PROBLEM DESCRIPTION →
Write out all records as given; omit images.
- - -
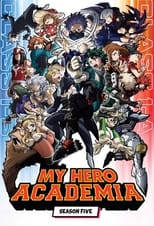 Poster for My Hero Academia Season 5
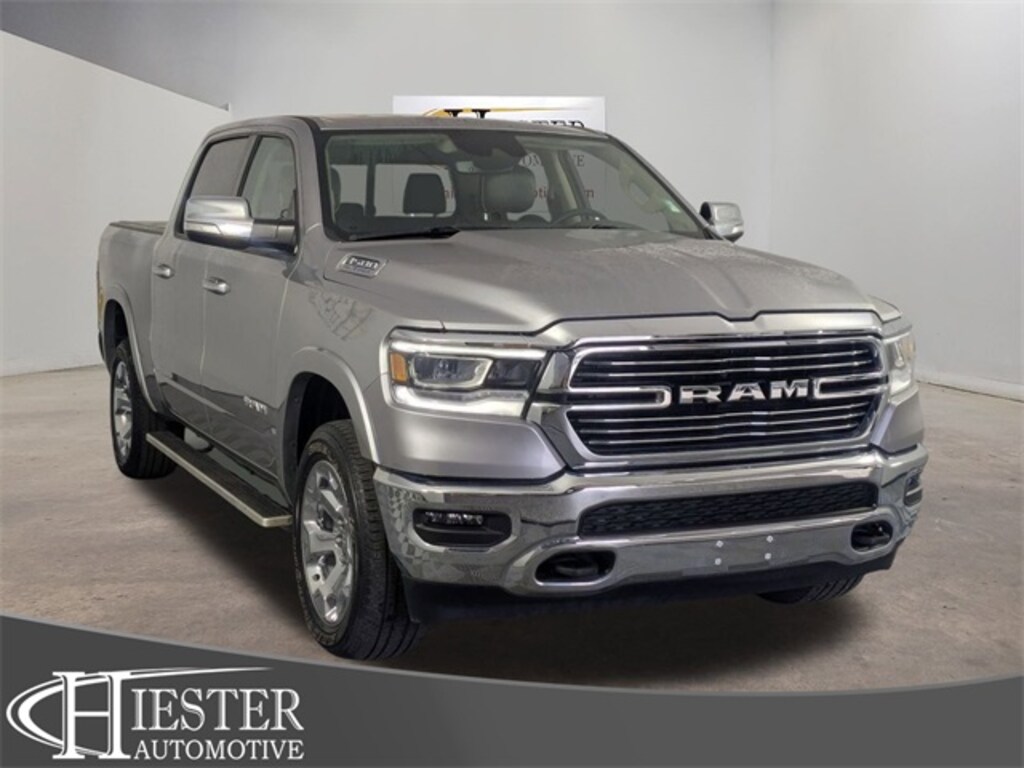 Used 2021 Ram 1500 Laramie Truck Crew Cab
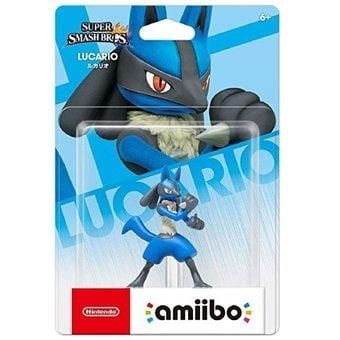 Figura Nintendo Amiibo Lucario - Super Smash Bros - Sniper
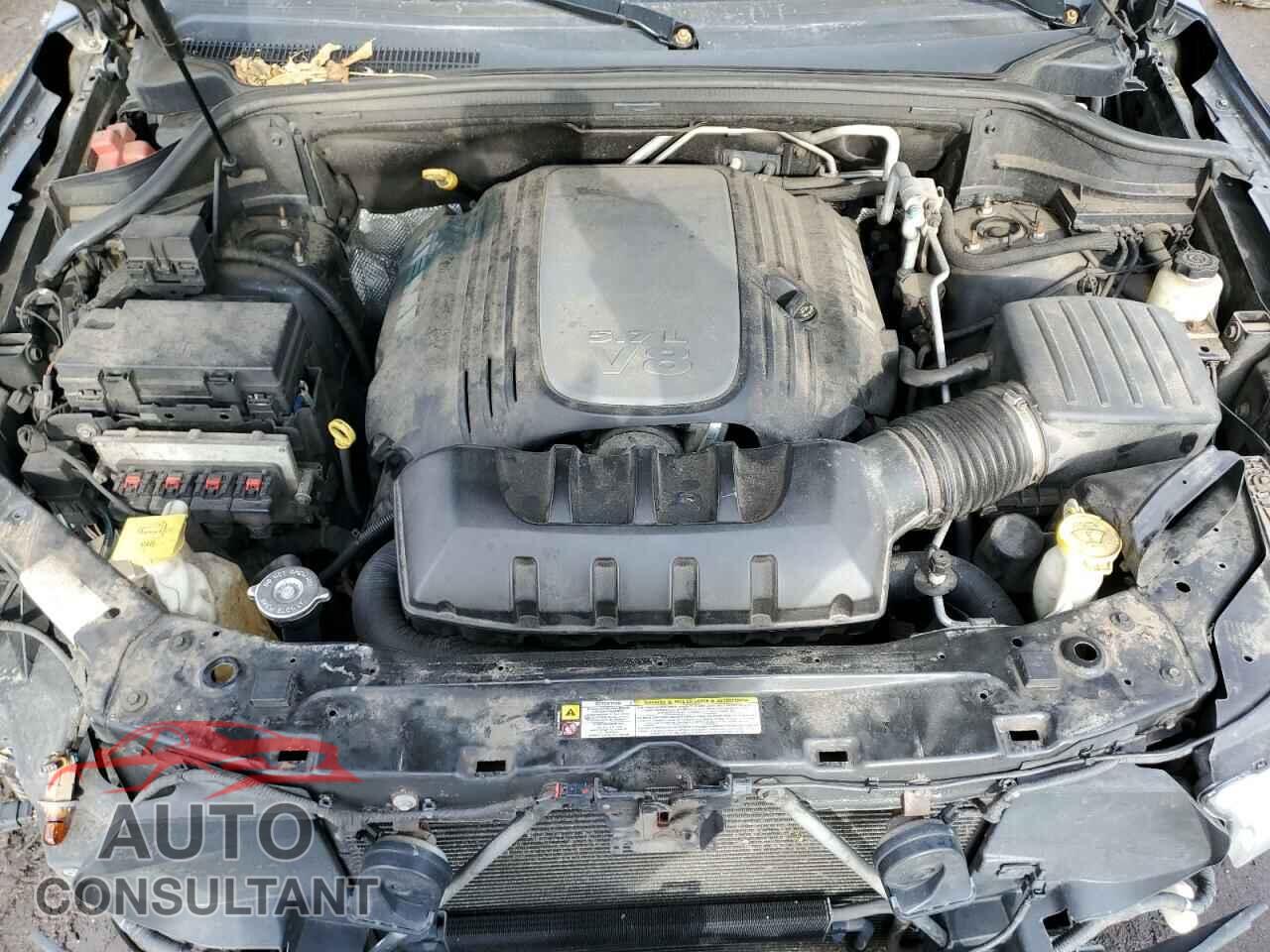 DODGE DURANGO 2012 - 1C4SDJET7CC278726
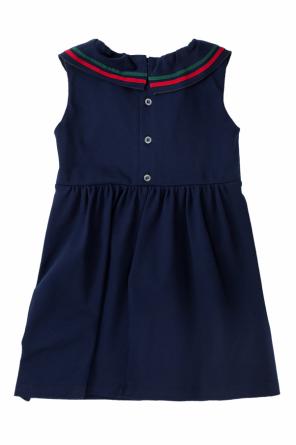Ruffled dress, zdjęcie 2 Ruffled dress od Gucci Kids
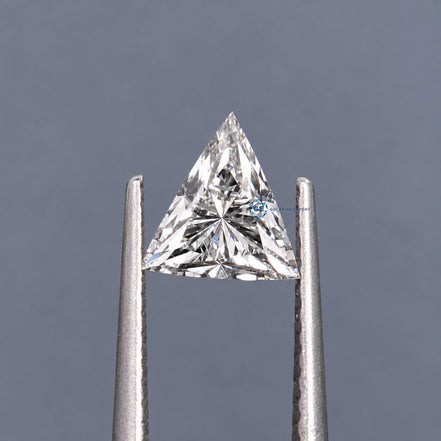 Trilliant Cut Lab Grown Diamond, E VVS2 Clarity Loose Diamond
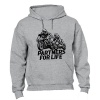 BuyAbility Partners For Life - Biker - Hoodie Photo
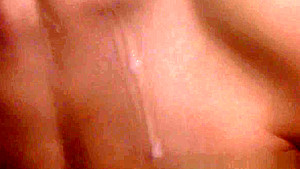 Bound submissive gets cum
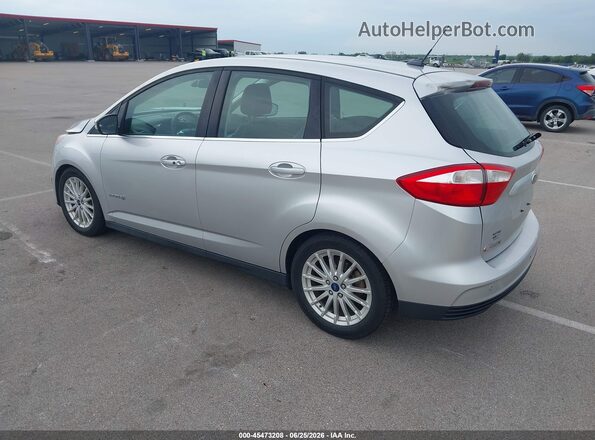 1FADP5BU4GL110655 2016 FORD C-MAX HYBRID Серебряный Задняя левая четверть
- - -
TASK SOLUTION →
 Poster for My Hero Academia Season 5
 Used 2021 Ram 1500 Laramie Truck Crew Cab
 Figura Nintendo Amiibo Lucario - Super Smash Bros - Sniper
 DODGE DURANGO 2012 - 1C4SDJET7CC278726
Ruffled dress, zdjęcie 2 Ruffled dress od Gucci Kids
 Trilliant Cut Lab Grown Diamond, E VVS2 Clarity Loose Diamond
 BuyAbility Partners For Life - Biker - Hoodie Photo
 Bound submissive gets cum
 1FADP5BU4GL110655 2016 FORD C-MAX HYBRID Серебряный Задняя левая четверть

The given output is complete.